Find the number of solutions of the equation $$x_1+x_2+...+x_p=m$$ such that $x_k\geq l$ for all $k$. ($m, p, l \geq 0$ are given.)
Attempt: We can firstly give every $x$ $l$, then the problem becomes finding the number of partition of $m-pl$ with the number of summands no more than $p$, so the result is ${m-pl-1 \choose p-1}+{m-pl-1 \choose p-2}+...+{m-pl-1 \choose 0}$. Is this correct? If so, can I simplify this expression?

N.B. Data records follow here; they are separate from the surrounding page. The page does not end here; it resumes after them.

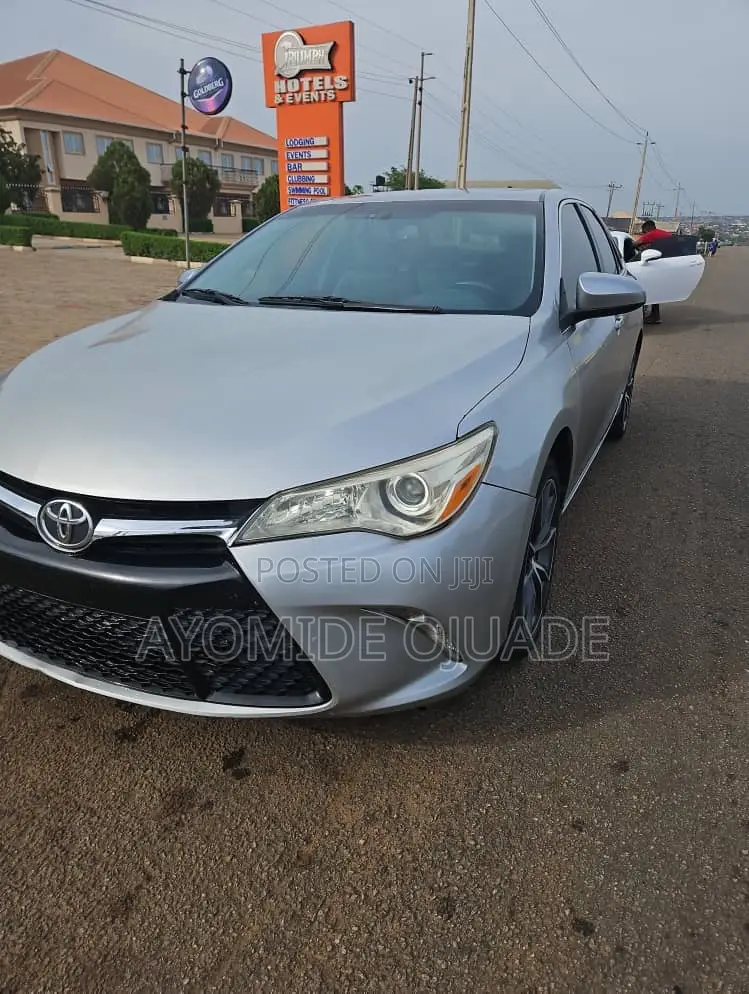 Toyota Camry 2015 Silver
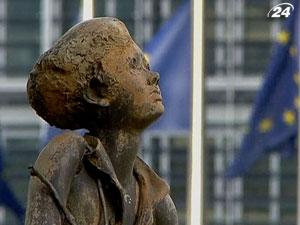 Еврокомиссия предлагает выпустить единые облигации еврозоны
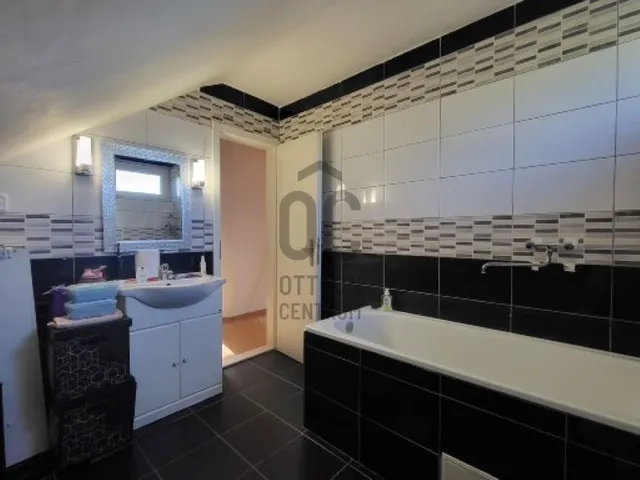 Eladó ház Erdőkertes 136 nm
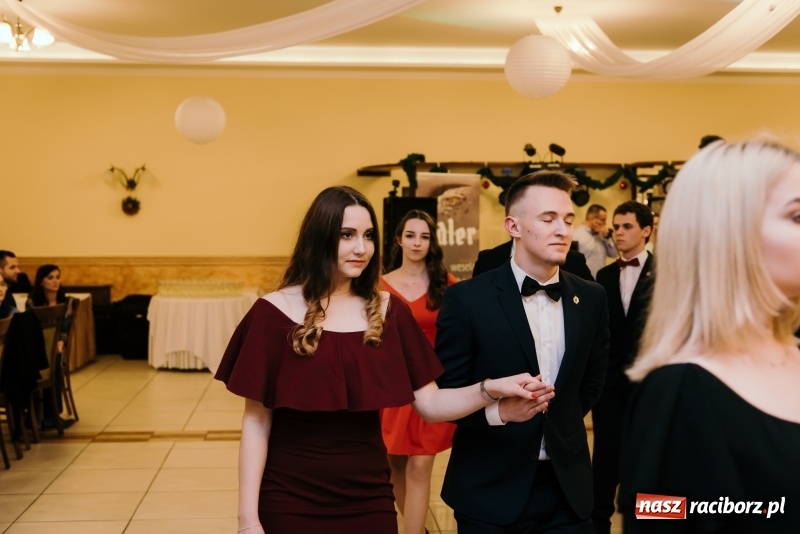 Zdjęcie w galerii na portalu naszraciborz.pl: Studniówka Mechanika w Pogrzebieniu wiadomości z regionu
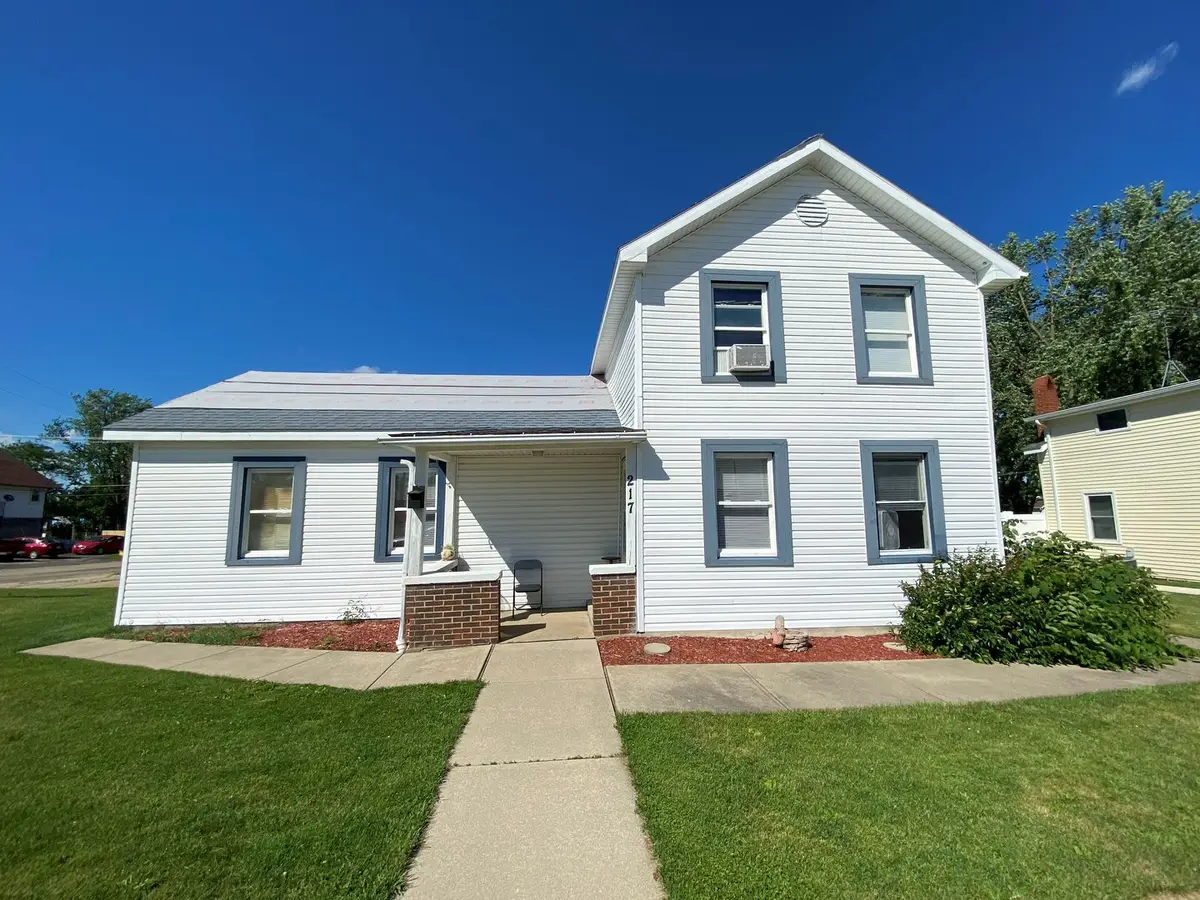217 W Railroad Street, Lena, IL 61048 - #1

First you have to know the basic problem of counting solutions to $x_1 + \ldots + x_p = n$ where all $x_i \ge 0$ (and integer). This has $\binom{p + n -1}{p-1}$ many solutions (using stars and bars, e.g.)
So your idea of "giving $l$ to all $k$ bins/variables is sound, so you reduce to the number of solutions to $$x_1 +\ldots +x_p = m-lp, x_i \ge 0$$
which is by the first fact $\binom{p + (m-lp) - 1}{p-1}$ so one term, not a sum.
If you know about generating functions, the problem is to find the coefficient of $x^m$ in the generating function $$A(x)=\left(x^l+x^{l+1}+\cdots\right)^p.$$
Note that
\begin{align} A(x)&=x^{pl}(1+x+x^2+\cdots)^p\\ &=x^{pl}\frac{1}{(1-x)^p}\\ &=x^{pl}\sum_{k=0}^\infty\binom{p+k-1}{p-1}x^k\\ &=\sum_{k=0}^\infty\binom{p+k-1}{p-1}x^{pl+k}. \end{align}
Observe that $m\geq pl$. (Otherwise the equation has no solution.). Thus, if $pl+k=m$,we have the solution $$\binom{p+m-pl-1}{p-1}.$$
Hint: I think $$x_1+ \cdots x_p =m$$
now drop $l$ to each $x_i$ and got
$$y_1+ \cdots y_p =m-pl$$ $y_i=x_i-l\geq 0$ now solve new equation.